To do - Your copy of the data below must be exact and must leave out all pictures.

Provided material -
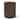 Mercana Terra Dark Brown Solid Wood Fluted Round Side Table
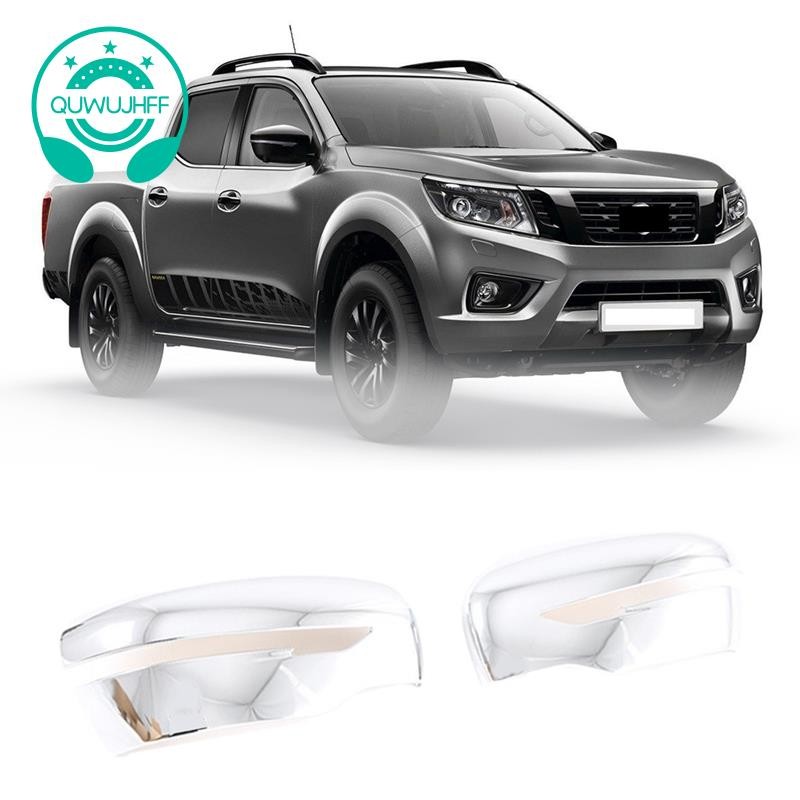 (quwujhff)ฝาครอบกระจกมองหลังรถยนต์ฝาครอบกระจกมองข้างสําหรับ Nissan Navara NP300 2019 2020 2021 2022 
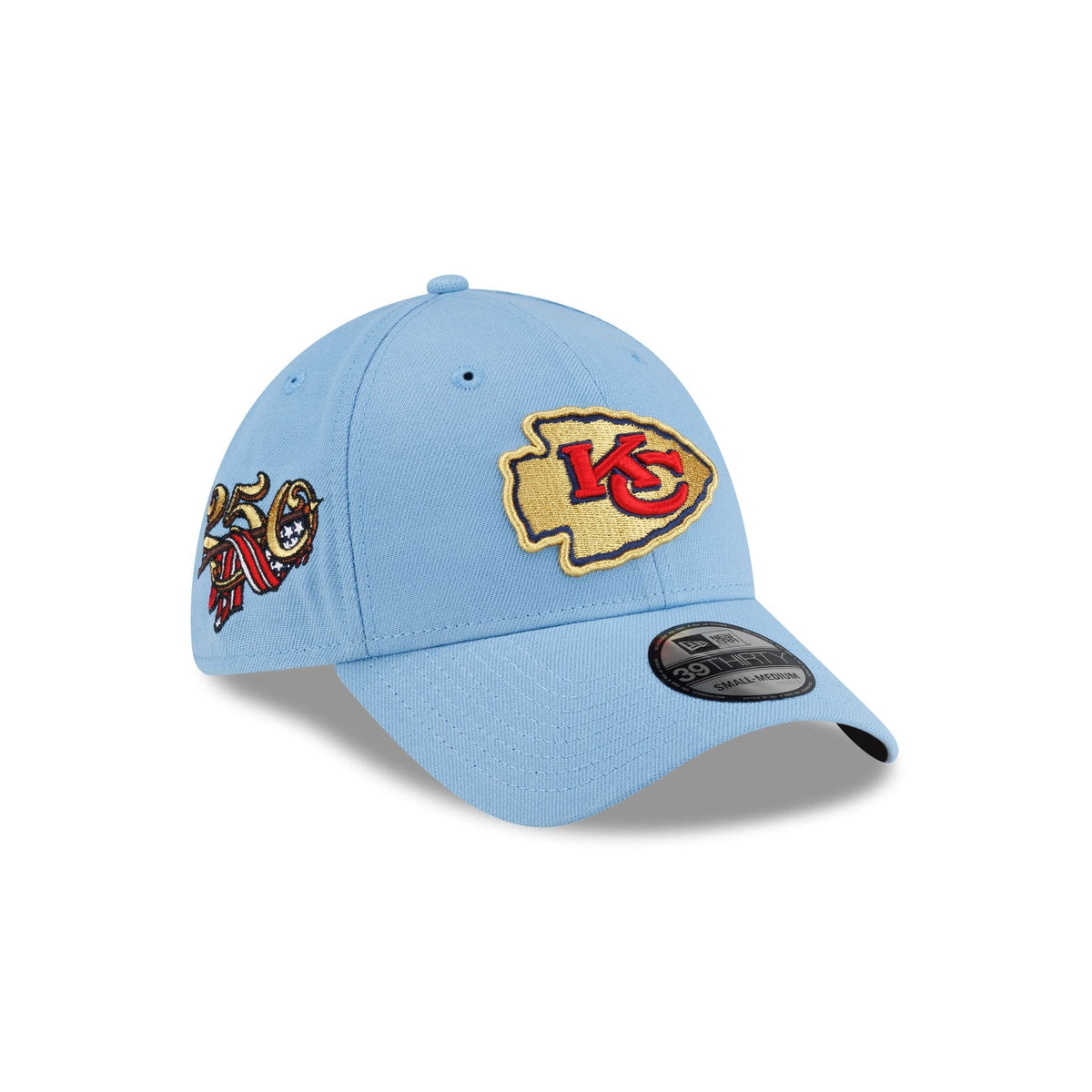 Kansas City Chiefs Red. White & Blue 39THIRTY Stretch Fit Hat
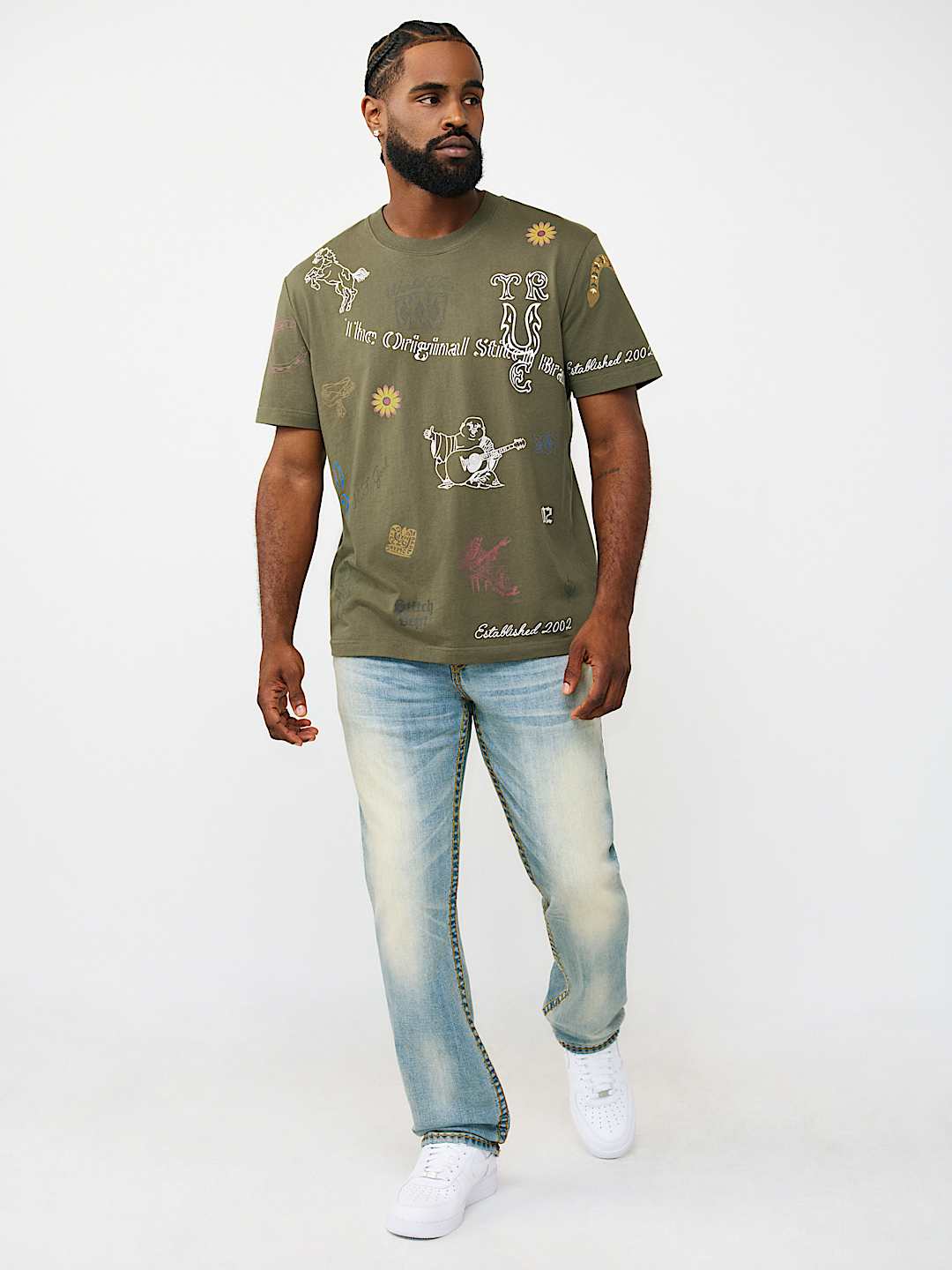 RICKY SUPER T FLAP STRAIGHT JEAN 34", image 6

Solution -
 Mercana Terra Dark Brown Solid Wood Fluted Round Side Table
 (quwujhff)ฝาครอบกระจกมองหลังรถยนต์ฝาครอบกระจกมองข้างสําหรับ Nissan Navara NP300 2019 2020 2021 2022 
 Kansas City Chiefs Red. White & Blue 39THIRTY Stretch Fit Hat
 RICKY SUPER T FLAP STRAIGHT JEAN 34", image 6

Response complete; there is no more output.